Machine Learning Kaggle Competition Part One Getting Started

Learning the Kaggle Environment and an Introductory Notebook

In the field of data science, there are almost too many resources available: from Datacamp to Udacity to KDnuggets, there are thousands of places online to learn about data science. However, if you are someone who likes to jump in and learn by doing, Kaggle might be the single best location for expanding your skills through hands-on data science projects.

While it originally was known as a place for machine learning competitions, Kaggle — which bills itself as “Your Home for Data Science” — now offers an array of data science resources. Although this series of articles will focus on a competition, it’s worth pointing out the main aspects of Kaggle:

  • Datasets: Tens of thousands of datasets of all different types and sizes that you can download and use for free. This is a great place to go if you are looking for interesting data to explore or to test your modeling skills.
  • Machine Learning Competitions: once the heart of Kaggle, these tests of modeling skill are a great way to learn cutting edge machine learning techniques and hone your abilities on interesting problems using real data.
  • Learn: A series of data science learning tracks covering SQL to Deep Learning taught in Jupyter Notebooks.
  • Discussion:A place to ask questions and get advice from the thousands of data scientists in the Kaggle community.
  • Kernels: Online programming environments running on Kaggle’s servers where you can write Python/R scripts, or Jupyter Notebooks. These kernels are entirely free to run (you can even add a GPU) and are a great resource because you don’t have to worry about setting up a data science environment on your own computer. The kernels can be used to analyze any dataset, compete in machine learning competitions, or complete the learning tracks. You can copy and build on existing kernels from other users and share your kernels with the community for feedback.

The main aspects of Kaggle

Overall, Kaggle is a great place to learn, whether that’s through the more traditional learning tracks or by competing in competitions.

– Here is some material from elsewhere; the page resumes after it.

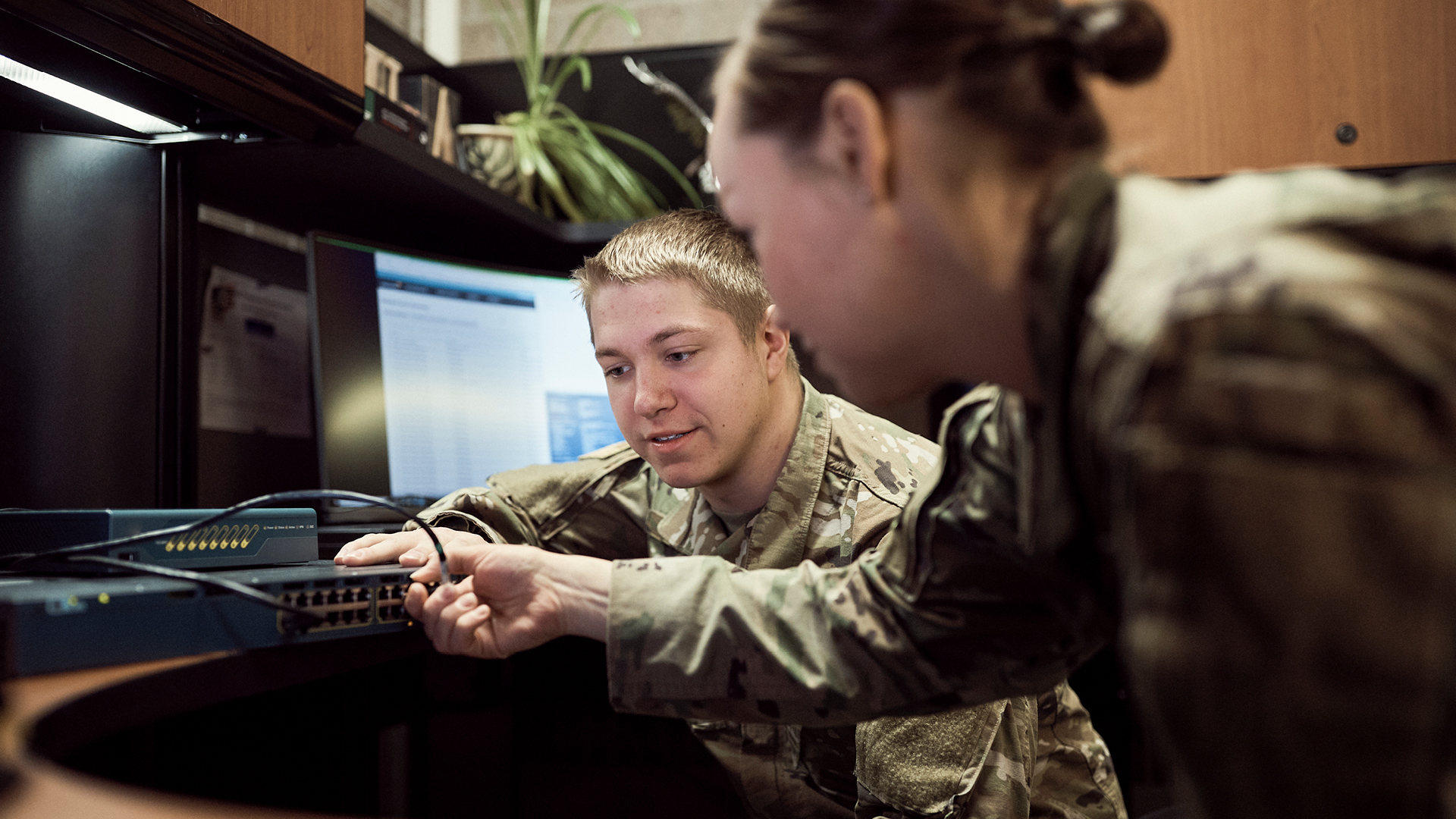 Logan Balvik helping a coworker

When I want to find out about the latest machine learning method, I could go read a book, or, I could go on Kaggle, find a competition, and see how people use it in practice. Personally, I find this much more enjoyable and a more effective teaching method. Moreover, the community is extremely supportive and always willing to answer questions or provide feedback on a project.

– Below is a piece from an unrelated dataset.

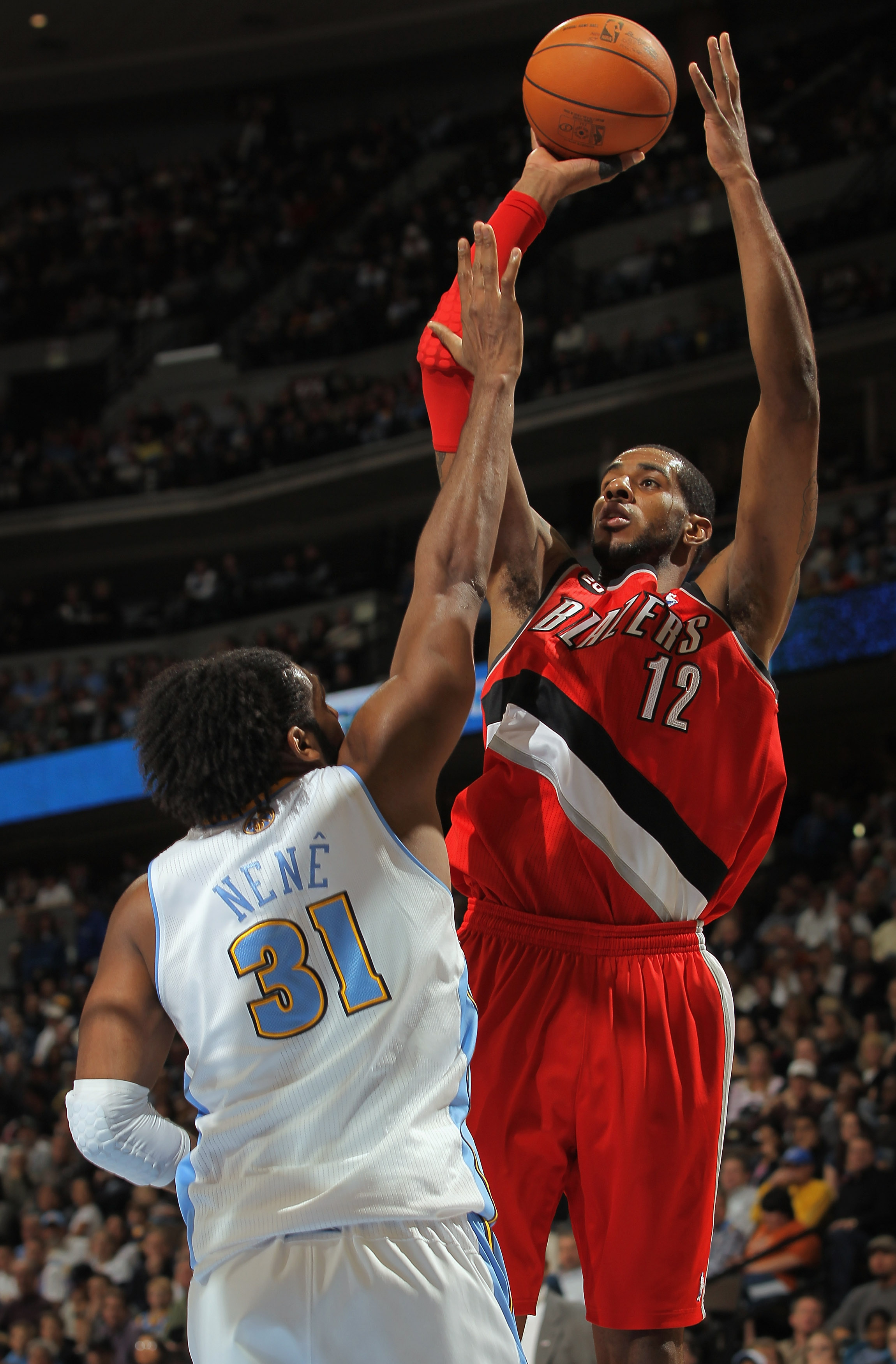 DENVER - DECEMBER 28:  LaMarcus Aldridge #12 of the Portland Trail Blazers takes a shot over Nene #31 of the Denver Nuggets at Pepsi Center on December 28, 2010 in Denver, Colorado. NOTE TO USER: User expressly acknowledges and agrees that, by downloading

In this article, we’ll focus on getting started with a Kaggle machine learning competition: the Home Credit Default Risk problem. This is a fairly straightforward competition with a reasonable sized dataset (which can’t be said for all of the competitions) which means we can compete entirely using Kaggle’s kernels. This significantly lowers the barrier to entry because you don’t have to worry about any software on your computer and you don’t even have to download the data! As long as you have a Kaggle account and an Internet connection, you can connect to a kernel and run the code.

I plan to do the entire competition on Kaggle and the kernel (a Python Jupyter Notebook) for this post is available here. To get the most from this article, copy the kernel by creating a Kaggle account, then hitting the blue Fork Notebook button. This will open up the notebook for editing and running in the kernel environment.


Competition Description

The Home Credit Default Risk competition is a standard supervised machine learning task where the goal is to use historical loan application data to predict whether or not an applicant will repay a loan. During training, we provide our model with the features — the variables describing a loan application — and the label — a binary 0 if the loan was repaid and a 1 if the loan was not repaid — and the model learns a mapping from the features to the label. Then, during testing, we feed the model the features for a new batch of applications and ask it to predict the label.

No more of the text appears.